> **What you are asked to do**: From the data that follows, print exactly the lines starting at the one containing "直击｜北京门头沟洪水已退：抛锚车辆横七竖八，道路泥泞-9.jpg" and ending at the one containing "RENAULT SANDERO 1.0"; include both of them and nothing more.

*** Dataset extract ***

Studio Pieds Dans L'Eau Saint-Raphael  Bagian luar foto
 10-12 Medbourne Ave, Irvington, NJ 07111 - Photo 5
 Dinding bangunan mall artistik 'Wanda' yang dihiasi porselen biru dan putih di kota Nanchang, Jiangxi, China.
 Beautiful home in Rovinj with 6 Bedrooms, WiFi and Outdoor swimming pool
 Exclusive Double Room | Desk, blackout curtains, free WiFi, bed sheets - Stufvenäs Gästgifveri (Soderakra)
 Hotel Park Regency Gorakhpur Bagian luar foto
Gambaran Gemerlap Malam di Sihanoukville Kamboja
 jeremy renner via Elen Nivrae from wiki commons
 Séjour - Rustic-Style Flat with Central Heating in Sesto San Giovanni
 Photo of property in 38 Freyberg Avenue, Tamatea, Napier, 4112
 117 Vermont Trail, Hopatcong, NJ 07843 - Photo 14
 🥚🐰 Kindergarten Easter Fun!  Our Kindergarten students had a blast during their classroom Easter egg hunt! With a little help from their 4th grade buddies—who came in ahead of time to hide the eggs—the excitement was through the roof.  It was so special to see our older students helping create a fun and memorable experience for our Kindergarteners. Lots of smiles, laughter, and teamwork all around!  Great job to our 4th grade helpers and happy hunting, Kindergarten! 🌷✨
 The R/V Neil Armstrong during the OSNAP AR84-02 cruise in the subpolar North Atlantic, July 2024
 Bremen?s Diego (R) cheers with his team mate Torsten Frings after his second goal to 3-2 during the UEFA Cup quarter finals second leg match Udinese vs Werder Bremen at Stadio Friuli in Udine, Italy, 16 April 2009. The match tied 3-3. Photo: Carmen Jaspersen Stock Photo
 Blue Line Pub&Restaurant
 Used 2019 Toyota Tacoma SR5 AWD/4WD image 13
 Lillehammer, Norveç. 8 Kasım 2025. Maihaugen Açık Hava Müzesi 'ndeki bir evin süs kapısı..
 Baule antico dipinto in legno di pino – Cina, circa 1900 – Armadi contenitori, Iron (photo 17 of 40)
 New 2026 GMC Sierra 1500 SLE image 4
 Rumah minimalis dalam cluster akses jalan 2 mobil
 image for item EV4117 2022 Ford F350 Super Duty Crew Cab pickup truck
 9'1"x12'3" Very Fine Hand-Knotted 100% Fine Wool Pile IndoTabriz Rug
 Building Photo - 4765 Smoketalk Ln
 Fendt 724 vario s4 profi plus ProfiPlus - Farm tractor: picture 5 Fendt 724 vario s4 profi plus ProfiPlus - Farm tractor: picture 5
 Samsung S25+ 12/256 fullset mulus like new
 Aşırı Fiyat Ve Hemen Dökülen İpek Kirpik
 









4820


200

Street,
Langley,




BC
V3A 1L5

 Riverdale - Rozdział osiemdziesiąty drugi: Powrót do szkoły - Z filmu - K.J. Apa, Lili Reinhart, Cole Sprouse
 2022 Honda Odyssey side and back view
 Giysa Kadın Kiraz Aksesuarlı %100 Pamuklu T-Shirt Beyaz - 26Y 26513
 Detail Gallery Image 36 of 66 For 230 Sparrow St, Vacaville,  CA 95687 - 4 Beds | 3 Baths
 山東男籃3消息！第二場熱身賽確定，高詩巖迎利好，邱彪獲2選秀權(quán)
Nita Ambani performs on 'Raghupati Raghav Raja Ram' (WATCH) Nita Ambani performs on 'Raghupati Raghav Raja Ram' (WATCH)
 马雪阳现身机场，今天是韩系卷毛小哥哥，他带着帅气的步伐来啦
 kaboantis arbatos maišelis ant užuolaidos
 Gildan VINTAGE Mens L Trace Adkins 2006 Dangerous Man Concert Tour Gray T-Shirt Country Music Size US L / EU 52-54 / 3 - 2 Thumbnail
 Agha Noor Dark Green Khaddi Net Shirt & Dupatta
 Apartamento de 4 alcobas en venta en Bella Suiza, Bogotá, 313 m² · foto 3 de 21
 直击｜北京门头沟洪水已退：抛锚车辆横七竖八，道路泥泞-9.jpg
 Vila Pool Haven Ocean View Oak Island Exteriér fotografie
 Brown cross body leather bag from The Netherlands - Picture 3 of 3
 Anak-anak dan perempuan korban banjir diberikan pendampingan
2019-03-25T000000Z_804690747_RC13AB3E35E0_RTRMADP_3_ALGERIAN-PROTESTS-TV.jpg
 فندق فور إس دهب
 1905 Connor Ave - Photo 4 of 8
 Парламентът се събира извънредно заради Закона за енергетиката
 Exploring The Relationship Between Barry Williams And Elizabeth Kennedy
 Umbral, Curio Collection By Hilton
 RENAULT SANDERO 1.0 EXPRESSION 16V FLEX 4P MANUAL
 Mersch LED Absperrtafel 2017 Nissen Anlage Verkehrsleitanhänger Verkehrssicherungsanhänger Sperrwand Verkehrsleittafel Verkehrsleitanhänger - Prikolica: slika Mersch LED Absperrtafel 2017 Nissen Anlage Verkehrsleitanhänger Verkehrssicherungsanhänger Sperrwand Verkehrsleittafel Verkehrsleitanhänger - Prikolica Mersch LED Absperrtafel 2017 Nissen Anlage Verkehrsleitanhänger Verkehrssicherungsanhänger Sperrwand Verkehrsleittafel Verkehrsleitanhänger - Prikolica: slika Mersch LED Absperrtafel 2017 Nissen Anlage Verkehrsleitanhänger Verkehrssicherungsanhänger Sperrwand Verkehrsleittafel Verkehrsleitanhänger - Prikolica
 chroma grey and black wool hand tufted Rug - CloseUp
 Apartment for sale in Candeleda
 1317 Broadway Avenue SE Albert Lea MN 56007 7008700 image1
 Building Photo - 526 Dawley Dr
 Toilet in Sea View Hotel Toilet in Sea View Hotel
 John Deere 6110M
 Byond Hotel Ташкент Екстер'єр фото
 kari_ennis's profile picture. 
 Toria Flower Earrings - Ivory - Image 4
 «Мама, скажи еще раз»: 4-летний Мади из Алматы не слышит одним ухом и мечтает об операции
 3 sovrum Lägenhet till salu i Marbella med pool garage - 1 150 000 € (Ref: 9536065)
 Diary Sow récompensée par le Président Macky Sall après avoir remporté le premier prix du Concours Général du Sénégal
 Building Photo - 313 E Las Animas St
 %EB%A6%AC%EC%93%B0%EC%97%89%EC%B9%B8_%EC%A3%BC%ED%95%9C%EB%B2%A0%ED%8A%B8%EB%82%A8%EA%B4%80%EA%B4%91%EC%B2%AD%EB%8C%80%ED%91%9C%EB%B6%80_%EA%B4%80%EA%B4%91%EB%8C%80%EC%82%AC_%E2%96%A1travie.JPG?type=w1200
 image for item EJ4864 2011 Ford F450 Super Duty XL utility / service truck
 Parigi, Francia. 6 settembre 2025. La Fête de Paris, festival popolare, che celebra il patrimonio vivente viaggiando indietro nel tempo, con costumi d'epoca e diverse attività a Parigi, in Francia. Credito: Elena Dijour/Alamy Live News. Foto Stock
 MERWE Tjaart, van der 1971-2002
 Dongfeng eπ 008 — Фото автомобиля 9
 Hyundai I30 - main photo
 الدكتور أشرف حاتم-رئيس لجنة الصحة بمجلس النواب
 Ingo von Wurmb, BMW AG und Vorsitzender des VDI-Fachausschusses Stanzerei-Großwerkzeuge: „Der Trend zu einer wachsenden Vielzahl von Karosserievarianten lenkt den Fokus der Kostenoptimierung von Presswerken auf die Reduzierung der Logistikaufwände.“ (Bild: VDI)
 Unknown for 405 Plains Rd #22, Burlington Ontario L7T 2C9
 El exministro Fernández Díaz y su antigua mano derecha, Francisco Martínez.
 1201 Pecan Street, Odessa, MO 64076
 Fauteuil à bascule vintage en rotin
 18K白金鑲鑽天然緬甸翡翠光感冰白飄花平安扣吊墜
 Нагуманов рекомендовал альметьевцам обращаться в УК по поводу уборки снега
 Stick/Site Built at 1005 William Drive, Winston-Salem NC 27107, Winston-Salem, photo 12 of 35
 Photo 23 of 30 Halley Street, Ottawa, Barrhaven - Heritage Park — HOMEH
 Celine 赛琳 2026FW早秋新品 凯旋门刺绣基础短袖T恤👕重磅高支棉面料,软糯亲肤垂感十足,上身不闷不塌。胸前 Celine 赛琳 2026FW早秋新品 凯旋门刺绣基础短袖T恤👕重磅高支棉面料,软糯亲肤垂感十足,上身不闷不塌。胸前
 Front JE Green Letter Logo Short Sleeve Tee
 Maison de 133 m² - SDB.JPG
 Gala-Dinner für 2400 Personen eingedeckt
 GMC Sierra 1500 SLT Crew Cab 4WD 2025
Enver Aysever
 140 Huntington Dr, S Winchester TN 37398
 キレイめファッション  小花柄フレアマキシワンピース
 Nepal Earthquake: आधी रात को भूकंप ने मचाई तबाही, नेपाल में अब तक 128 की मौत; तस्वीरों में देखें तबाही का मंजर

*** End of Dataset extract ***

> **Exercise answer**:
 直击｜北京门头沟洪水已退：抛锚车辆横七竖八，道路泥泞-9.jpg
 Vila Pool Haven Ocean View Oak Island Exteriér fotografie
 Brown cross body leather bag from The Netherlands - Picture 3 of 3
 Anak-anak dan perempuan korban banjir diberikan pendampingan
2019-03-25T000000Z_804690747_RC13AB3E35E0_RTRMADP_3_ALGERIAN-PROTESTS-TV.jpg
 فندق فور إس دهب
 1905 Connor Ave - Photo 4 of 8
 Парламентът се събира извънредно заради Закона за енергетиката
 Exploring The Relationship Between Barry Williams And Elizabeth Kennedy
 Umbral, Curio Collection By Hilton
 RENAULT SANDERO 1.0 EXPRESSION 16V FLEX 4P MANUAL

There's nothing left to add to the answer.